2.   The Parties shall as soon as possible inform each other of any amendment to their competition laws, as well as of any amendment to other laws and regulations and of any change in the enforcement practice of their competition authorities that may affect the operation of this Agreement. Upon request of either Party, the Parties shall hold consultations in order to assess the specific implications of such amendment or change for this Agreement, and in particular to determine whether this Agreement should be amended pursuant to paragraph 2 of Article 14.

3.   The competition authorities of the Parties shall meet at the appropriate level, at the request of either competition authority. At these meetings, they may:

(a)

inform each other on their current enforcement efforts and priorities in relation to the competition laws of each Party;

(b)

exchange views on economic sectors of common interest;

(c)

discuss policy issues of mutual interest; and

(d)

discuss other matters of mutual interest relating to the application of the competition laws of each Party.

Article 12

Communications

1.   Unless otherwise agreed between the Parties or their competition authorities, communications under this Agreement shall be made in the English language.

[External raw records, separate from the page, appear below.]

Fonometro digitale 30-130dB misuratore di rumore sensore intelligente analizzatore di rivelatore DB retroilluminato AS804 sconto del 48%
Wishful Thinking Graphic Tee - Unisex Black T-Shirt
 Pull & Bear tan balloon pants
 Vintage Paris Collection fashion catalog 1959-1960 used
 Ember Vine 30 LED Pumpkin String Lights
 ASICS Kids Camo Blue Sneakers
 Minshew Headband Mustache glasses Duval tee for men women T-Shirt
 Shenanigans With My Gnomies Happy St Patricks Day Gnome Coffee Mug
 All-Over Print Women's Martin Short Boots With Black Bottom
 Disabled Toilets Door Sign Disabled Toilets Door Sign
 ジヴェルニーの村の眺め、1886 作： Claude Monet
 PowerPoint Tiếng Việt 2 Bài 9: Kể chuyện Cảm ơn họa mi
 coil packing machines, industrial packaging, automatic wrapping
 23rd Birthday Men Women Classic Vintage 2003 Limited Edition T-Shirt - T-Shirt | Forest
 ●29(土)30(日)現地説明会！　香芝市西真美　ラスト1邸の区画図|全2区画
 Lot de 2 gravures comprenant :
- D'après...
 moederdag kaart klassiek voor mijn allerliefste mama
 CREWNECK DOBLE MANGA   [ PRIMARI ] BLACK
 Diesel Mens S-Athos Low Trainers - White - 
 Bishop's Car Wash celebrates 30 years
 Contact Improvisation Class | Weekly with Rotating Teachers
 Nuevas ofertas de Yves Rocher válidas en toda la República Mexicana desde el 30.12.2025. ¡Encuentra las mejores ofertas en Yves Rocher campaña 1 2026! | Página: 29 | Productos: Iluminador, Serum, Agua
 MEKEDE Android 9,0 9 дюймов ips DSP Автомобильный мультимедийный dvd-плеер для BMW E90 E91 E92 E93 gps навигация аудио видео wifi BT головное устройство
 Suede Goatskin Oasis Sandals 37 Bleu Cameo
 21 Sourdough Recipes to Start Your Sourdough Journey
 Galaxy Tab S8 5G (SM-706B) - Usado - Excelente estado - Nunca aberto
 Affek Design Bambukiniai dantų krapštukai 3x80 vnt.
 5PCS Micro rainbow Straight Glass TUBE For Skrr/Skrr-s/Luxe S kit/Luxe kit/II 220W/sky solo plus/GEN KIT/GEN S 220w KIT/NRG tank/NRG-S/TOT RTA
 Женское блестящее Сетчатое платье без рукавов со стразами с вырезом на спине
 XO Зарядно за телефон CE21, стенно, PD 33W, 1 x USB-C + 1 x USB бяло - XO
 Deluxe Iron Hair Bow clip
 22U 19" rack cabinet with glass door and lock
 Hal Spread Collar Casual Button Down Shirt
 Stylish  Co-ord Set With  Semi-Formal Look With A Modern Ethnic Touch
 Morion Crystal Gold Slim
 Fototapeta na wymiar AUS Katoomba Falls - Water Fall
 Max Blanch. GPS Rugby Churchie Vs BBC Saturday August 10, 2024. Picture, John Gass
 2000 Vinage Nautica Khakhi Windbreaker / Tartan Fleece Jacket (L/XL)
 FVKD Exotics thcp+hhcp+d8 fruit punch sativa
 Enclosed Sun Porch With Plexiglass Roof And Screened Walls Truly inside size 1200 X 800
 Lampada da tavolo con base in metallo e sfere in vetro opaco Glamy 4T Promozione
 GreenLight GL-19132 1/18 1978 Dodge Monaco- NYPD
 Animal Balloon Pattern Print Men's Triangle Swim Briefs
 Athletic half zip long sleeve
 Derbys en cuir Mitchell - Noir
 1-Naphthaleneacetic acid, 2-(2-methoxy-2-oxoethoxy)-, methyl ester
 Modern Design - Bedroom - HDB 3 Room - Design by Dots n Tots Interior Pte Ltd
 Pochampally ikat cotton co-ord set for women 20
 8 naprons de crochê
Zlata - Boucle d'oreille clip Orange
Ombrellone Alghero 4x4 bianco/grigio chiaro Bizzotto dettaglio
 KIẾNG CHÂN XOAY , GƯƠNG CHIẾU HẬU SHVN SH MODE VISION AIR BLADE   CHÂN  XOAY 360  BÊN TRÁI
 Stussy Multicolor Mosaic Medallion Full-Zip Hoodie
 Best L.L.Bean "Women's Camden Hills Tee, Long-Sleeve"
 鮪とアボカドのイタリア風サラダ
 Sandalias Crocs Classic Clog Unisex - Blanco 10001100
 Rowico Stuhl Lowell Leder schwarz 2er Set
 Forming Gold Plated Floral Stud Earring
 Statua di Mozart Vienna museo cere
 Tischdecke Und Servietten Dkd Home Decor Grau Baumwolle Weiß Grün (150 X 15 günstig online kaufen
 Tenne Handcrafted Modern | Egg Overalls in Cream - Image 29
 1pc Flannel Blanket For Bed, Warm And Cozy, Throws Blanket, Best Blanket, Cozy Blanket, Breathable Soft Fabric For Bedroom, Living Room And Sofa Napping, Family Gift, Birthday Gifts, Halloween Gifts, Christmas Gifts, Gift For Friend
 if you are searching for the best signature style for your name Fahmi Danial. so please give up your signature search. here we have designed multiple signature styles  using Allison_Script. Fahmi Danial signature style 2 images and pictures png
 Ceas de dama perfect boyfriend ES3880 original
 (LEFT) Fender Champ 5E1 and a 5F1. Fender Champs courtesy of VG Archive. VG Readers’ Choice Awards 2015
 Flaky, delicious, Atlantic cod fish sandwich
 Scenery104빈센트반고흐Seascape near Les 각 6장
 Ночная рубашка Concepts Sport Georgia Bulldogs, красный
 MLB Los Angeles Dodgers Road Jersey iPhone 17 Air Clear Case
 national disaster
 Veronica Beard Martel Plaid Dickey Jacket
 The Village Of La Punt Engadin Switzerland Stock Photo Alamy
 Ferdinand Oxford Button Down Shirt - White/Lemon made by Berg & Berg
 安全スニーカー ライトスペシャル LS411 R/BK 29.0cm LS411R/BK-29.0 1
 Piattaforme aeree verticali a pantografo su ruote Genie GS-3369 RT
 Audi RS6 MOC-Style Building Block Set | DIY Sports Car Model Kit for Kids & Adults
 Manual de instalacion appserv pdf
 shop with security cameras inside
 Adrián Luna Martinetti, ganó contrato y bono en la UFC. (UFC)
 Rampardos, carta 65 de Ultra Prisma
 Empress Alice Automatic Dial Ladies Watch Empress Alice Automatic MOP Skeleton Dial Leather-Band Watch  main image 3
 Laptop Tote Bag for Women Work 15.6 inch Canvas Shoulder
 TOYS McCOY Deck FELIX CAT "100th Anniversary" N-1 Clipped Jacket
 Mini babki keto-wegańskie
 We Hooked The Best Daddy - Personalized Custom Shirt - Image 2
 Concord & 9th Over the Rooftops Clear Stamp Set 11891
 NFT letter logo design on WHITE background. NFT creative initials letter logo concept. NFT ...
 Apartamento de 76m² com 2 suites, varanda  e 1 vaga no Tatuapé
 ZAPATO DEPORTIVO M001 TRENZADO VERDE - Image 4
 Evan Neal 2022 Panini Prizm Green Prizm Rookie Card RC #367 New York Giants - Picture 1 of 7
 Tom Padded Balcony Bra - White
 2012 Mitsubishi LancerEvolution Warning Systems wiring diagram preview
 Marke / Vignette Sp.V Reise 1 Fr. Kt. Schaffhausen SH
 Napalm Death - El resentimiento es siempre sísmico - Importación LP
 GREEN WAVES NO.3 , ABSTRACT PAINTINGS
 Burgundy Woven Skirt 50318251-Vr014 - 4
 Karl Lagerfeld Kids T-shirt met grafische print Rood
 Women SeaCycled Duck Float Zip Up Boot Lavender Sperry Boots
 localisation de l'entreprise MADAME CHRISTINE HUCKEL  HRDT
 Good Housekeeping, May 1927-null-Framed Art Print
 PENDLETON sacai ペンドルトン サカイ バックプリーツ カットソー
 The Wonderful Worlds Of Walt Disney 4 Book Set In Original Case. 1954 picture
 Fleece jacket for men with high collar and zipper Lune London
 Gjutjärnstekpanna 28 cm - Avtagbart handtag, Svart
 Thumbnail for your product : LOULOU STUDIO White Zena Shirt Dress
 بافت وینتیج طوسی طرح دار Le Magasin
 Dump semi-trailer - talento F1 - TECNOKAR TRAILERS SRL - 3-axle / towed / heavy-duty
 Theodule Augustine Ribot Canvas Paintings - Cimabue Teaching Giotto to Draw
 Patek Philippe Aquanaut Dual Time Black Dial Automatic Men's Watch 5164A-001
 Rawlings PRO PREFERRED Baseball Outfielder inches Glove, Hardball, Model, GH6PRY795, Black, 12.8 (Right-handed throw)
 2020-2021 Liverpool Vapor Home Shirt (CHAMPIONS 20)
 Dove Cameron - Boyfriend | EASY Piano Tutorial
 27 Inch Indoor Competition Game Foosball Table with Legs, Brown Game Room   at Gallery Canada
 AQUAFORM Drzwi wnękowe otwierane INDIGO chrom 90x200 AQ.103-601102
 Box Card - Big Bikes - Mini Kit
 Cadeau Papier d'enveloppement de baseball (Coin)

2.   The competition authority of each Party shall designate a contact point to facilitate communications between the Parties on any matter relating to the implementation of this Agreement.

Article 13

Existing law

Nothing in this Agreement shall be construed to prejudice the formulation or enforcement of the competition laws of either Party.

Article 14

Entry into force, amendment and termination

1.   This Agreement shall be approved by the Parties in accordance with their own internal procedures. The Parties shall notify each other of the completion of the respective procedures. This Agreement shall enter into force on the first day of the second month following the date of the last notification of approval.

2.   The Parties may agree on any amendment to this Agreement. Unless otherwise agreed upon, such amendment shall enter into force through the same procedures as laid down in paragraph 1.

3.   Either Party may terminate this Agreement at any time by notifying the other in writing through diplomatic channels. In that event, this Agreement shall cease to have effect six (6) months from the date of receiving such a notification.

In WITNESS WHEREOF, the undersigned, being duly authorised thereto by the respective Party, have signed this Agreement.

Done in duplicate, at Brussels on 17 May 2013 in the Bulgarian, Czech, Danish, Dutch, English, Estonian, Finnish, French, German, Greek, Hungarian, Italian, Latvian, Lithuanian, Maltese, Polish, Portuguese, Romanian, Slovak, Slovenian, Spanish and Swedish languages.

 


(1)  In accordance with Article 5 of the Treaty of Lisbon, Articles 81 and 82 of the Treaty establishing the European Community were renumbered as Articles 101 and 102 of the Treaty on the Functioning of the European Union.